Jefferson Montessori parents take turns supervising walks to school. Right-left: Robin Roose, Jadyn Malon, Risa Lockwood, Syringa Barenti, Tully Warren and Ellary Lockwood.
Jefferson Montessori parents take turns supervising walks to school. Right-left: Robin Roose, Jadyn Malon, Risa Lockwood, Syringa Barenti, Tully Warren and Ellary Lockwood.

Our school bus enjoyed the first day of snow. All decked out in snow gear, excitement reigned as kids celebrated the first snow by throwing, eating, kicking and tromping through the previous night’s snowfall.

We are a walking school bus, so our “ride” to school involves fresh air, exercise, and a small community of Jefferson Montessori families. The first two kids on the bus leave their houses, directly across the street from each other, walk down the block to the first “stop” under the watchful eye of a parent. Another child is driven to this first stop. There, they are supervised crossing the street and walk to the next bus stop, picking up the kids at the last stop. They continue on with a parent to navigate across the busy streets and see them safely to school or close enough to join in with other walkers. In the afternoon, the process is reversed.

A recent study showed that when compared with children who took a car ride to school, kids who walked a mile to school had improved heart rates, blood pressure and stress levels and performed better on a test, indicating that their stress reactivity was improved by walking. We have five families, at this time, on our walking school bus who see many benefits beyond the fresh air and exercise. The kids were proud of starting the walking school bus to help the environment, have fewer cars on the road and spend more time with friends. They also get to practice problem-solving skills, like, “How do we get that backpack out of that tree?”

Parents see many benefits for the whole family, including less time spent driving and parking at school, helping to give our kids transition time between the two major places they spend their days, and simpler schedules for those families with multiple drop-offs and pick-ups.

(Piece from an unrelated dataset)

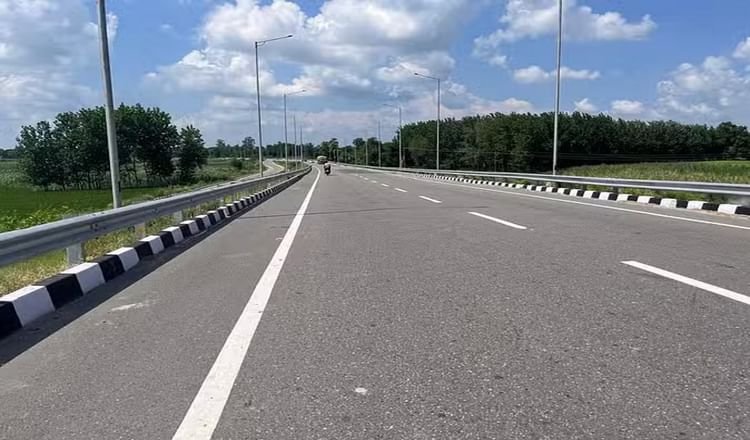 ग्रेटर-आगरा:-4,353-भूखंड-और-अंतरराष्ट्रीय-स्टेडियम…एडीए-की-सबसे-बड़ी-आवासीय-योजना,-ये-सुविधाएं-भी-मिलेंगी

The walking school bus allows a larger measure of safety as the kids walk in a big group with parental oversight. For my family, it’s a practical way of having our kids walk to school that wouldn’t happen if it were just up to our family. As a group, it works!

Because we are made up of Montessori families, we are just a bit beyond school boundaries but still close enough to walk. We do have to navigate across some busy streets without lights or crosswalks. We made a set of rules and a specific route, and we reviewed it as a group to ensure safety.

The winter weather has proved challenging much of the time, but we have enjoyed some snowy trudges together. Plan B often involves carpooling. One memorable car ride home included a packed car of serenading children, practicing their songs for the winter music program.

Our route continues to provide new wonders as seasons change. We have enjoyed huge mountains of leaves piled up by the Parks Department, the beauty of individual fall leaves, crunching the thin film of ice over shallow puddles after the first frost. We even moved a huge fallen tree limb together to clear the road.

We are just starting to walk with consistency again with warmer weather and no snow covering our route, and hope to maintain bus service throughout the school year!